→ **EXERCISE INSTRUCTIONS**: In the entries that follow, find the line containing "20125 E Via" and the line containing "copy space 116136593", then copy exactly everything from the first through the second except the pictures.

→ **SUPPLIED MATERIAL**:

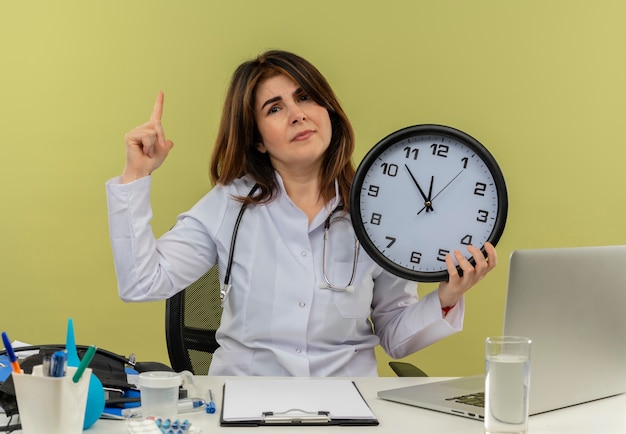 Unpleased middle-aged female doctor wearing medical robe and stethoscope sitting at desk with medical tools and laptop holding clock pointing up isolated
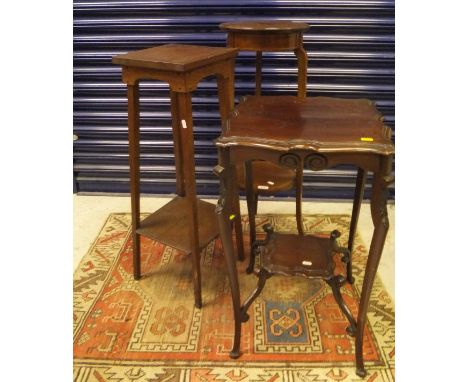 An Edwardian mahogany and inlaid two tier plant stand, an oak two tier plant stand, two mahogany occasional tables with pie c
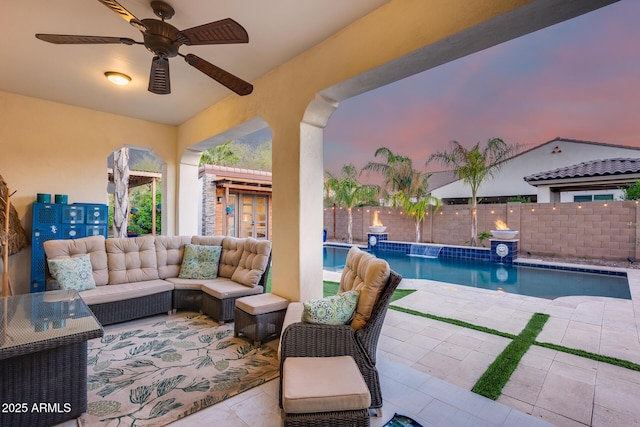 20125 E Via Del Rancho, Queen Creek, AZ 85142 - view of patio / terrace with a ceiling fan, a fenced in pool, an outdoor living space, and fence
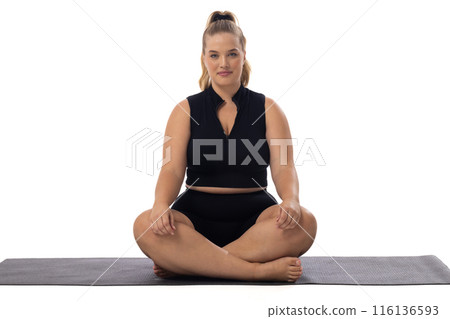 A young Caucasian plus-size model sits cross-legged on yoga mat, white background, copy space A young Caucasian plus-size model sits cross-legged on yoga mat, white background, copy space 116136593
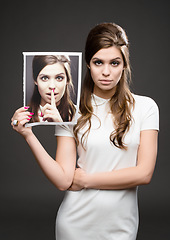 Image showing There are two sides to every story. Studio shot of an attractive young woman dressed up in 60’s wear and holding a photograph of herself whispering against a dark background.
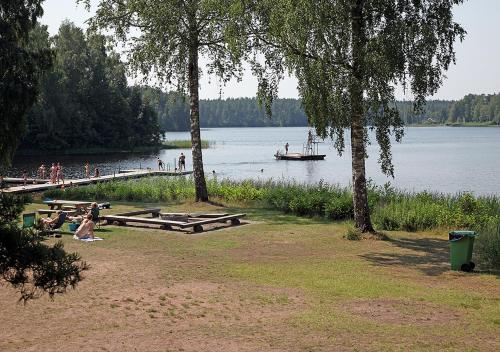 a group of people on the shore of a lake with a boat at Rasta Eksjö in Eksjö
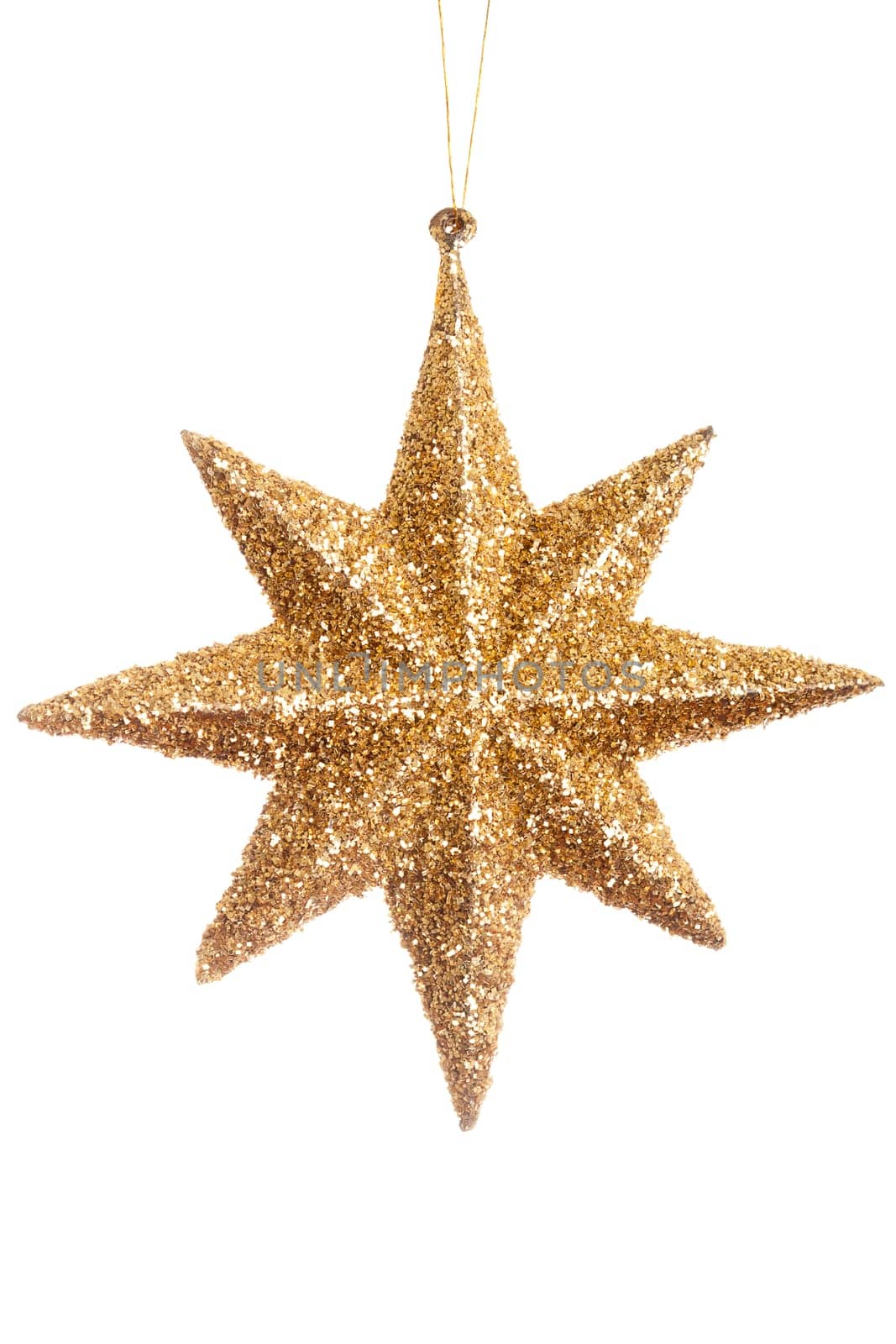 Christmas yellow shiny star isolated over white background by DCStudio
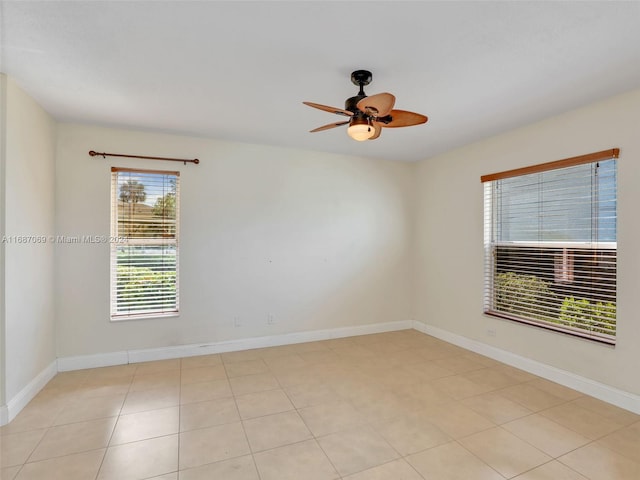 tiled empty room with ceiling fan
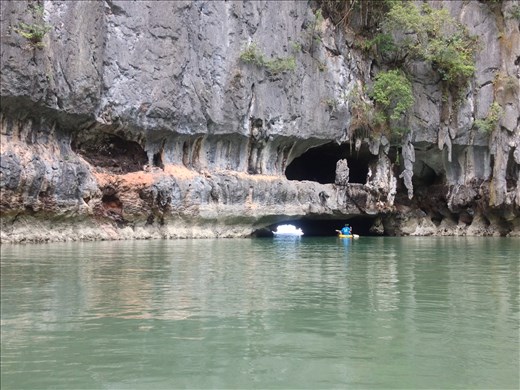 Entering one of the many sea caves in Phang Nga Bay. 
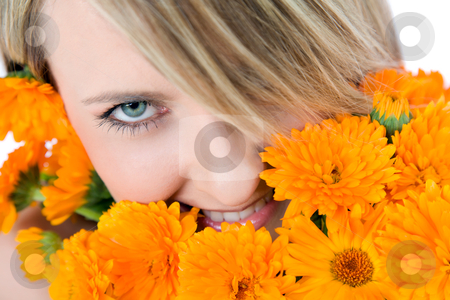To use this stock image in your creative project, please select the size you need over to the right and click the "Add to Cart" button.
Your downloaded image will come with the Cutcaster watermark removed so don’t worry about the watermark you see on this page. Woman eye bouqet stock photo, Close-up of beautiful female face holding marigolds, colourfull eye looking at camera by vilevi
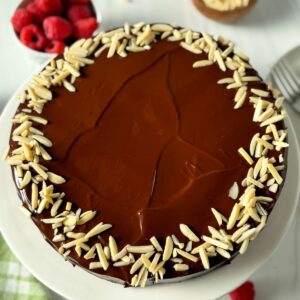 Chocolate Almond Torte on a white cake plate.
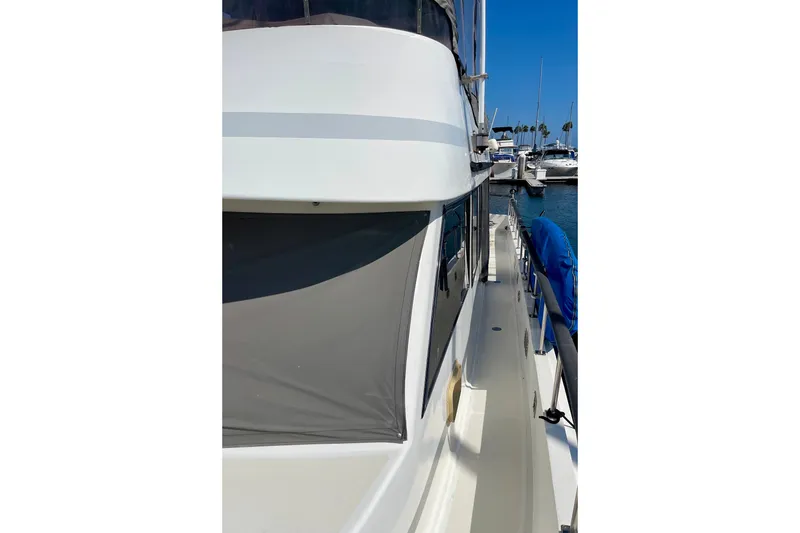 Slide: The Image of 1985 CHB 42 yacht docked at marina, side view with clear blue sky. - 7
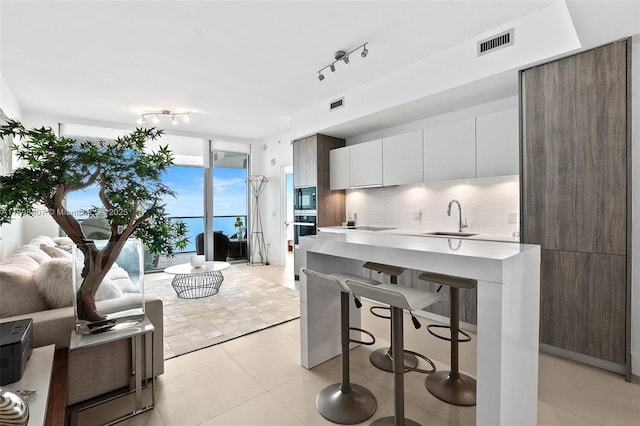kitchen with a sink, modern cabinets, black appliances, and rail lighting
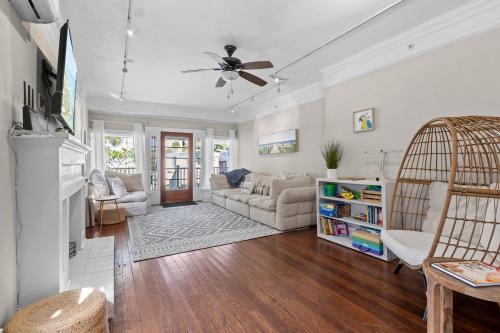 a living room with white walls and a ceiling fan at Historic Home with Modern Upgrades - Prime Downtown Location in Fort Pierce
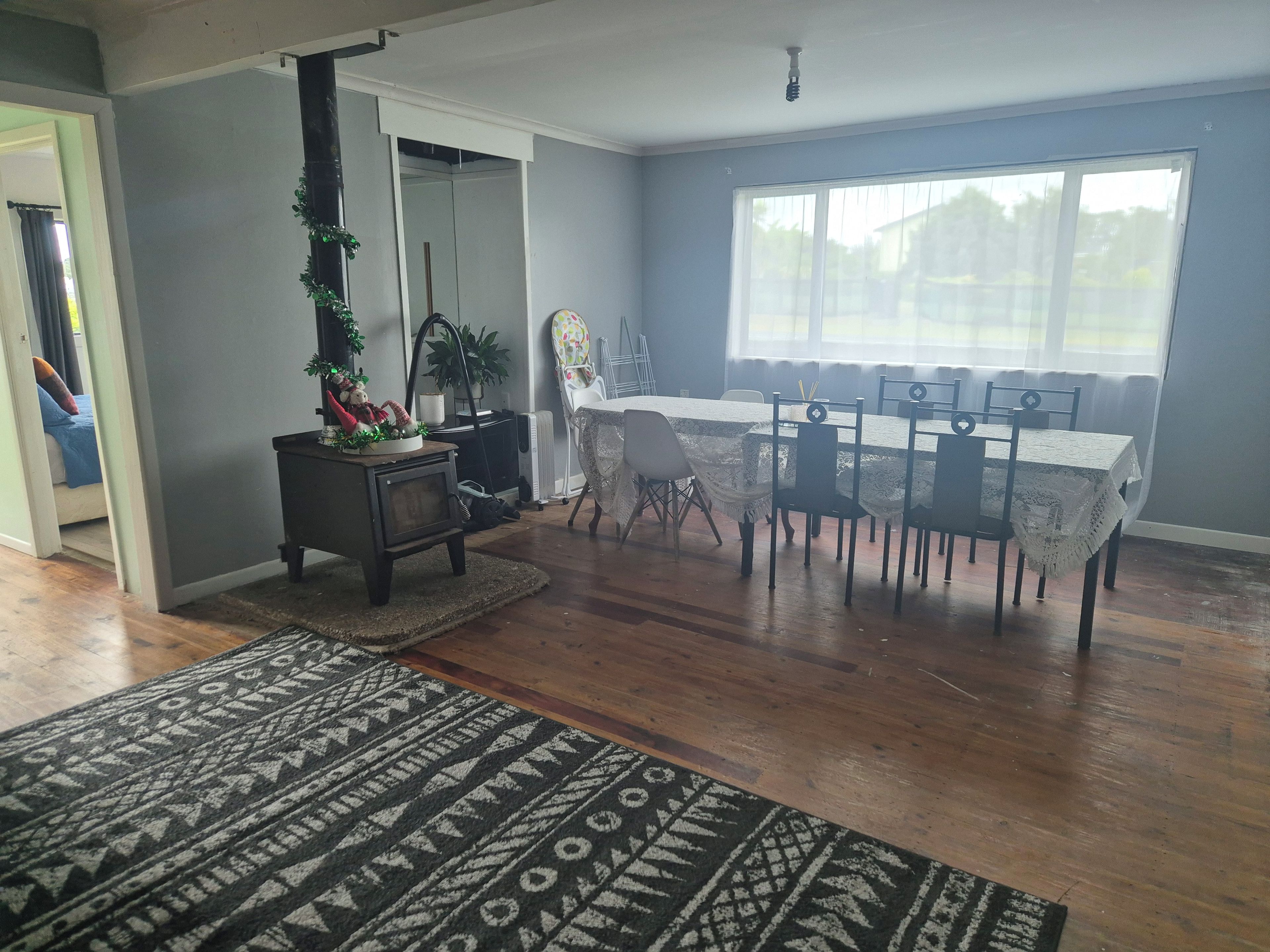A dining area with a table set for six, a fireplace, and a large window.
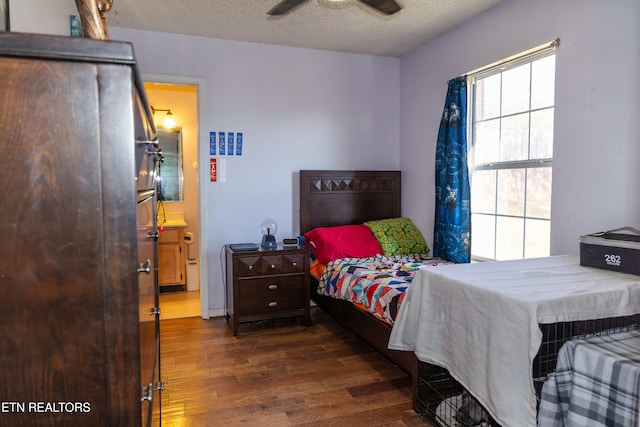 bedroom with ceiling fan, dark wood-type flooring, and a textured ceiling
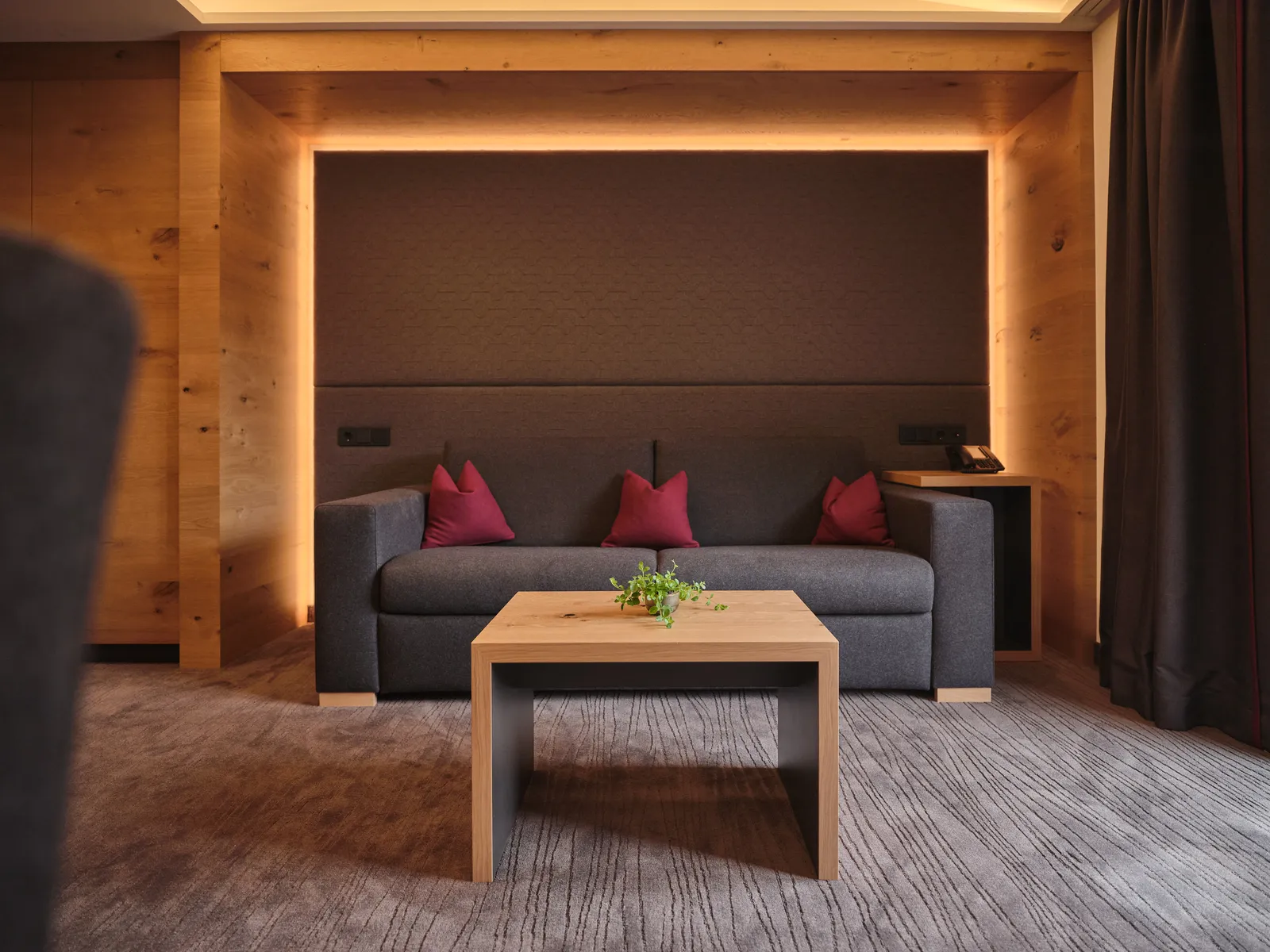 Graues Sofa mit roten Kissen und Holztisch vor dunkler Wand mit indirekter Beleuchtung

→ **SOLUTION**:
 20125 E Via Del Rancho, Queen Creek, AZ 85142 - view of patio / terrace with a ceiling fan, a fenced in pool, an outdoor living space, and fence
 A young Caucasian plus-size model sits cross-legged on yoga mat, white background, copy space A young Caucasian plus-size model sits cross-legged on yoga mat, white background, copy space 116136593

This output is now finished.